▸ DATASET RECORDS:
+ + + + +

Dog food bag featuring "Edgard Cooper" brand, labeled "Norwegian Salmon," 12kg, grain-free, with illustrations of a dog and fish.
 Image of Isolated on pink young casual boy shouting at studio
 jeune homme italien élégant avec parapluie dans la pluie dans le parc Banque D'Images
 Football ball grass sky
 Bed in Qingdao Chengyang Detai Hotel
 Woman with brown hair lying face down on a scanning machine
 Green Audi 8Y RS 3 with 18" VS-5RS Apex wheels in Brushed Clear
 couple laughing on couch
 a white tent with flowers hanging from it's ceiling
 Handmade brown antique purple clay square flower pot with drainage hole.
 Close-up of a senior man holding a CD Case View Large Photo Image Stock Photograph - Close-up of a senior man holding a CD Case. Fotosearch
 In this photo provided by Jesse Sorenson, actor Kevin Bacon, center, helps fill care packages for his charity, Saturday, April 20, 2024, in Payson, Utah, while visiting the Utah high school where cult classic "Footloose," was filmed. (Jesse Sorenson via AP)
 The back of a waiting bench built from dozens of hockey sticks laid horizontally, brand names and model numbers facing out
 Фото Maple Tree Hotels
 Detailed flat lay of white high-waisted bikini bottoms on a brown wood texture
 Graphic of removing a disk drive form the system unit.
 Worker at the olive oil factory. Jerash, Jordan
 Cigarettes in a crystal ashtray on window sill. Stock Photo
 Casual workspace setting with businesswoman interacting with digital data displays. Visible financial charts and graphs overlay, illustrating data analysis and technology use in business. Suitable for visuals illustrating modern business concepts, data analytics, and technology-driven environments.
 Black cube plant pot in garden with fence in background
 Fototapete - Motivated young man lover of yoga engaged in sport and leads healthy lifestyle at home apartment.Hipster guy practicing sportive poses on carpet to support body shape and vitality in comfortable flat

+ + + + +

▸ ACTIVITY: Across the records above, count the lines holding "brand" and reply with that number alone.

▸ EXERCISE SOLUTION: 2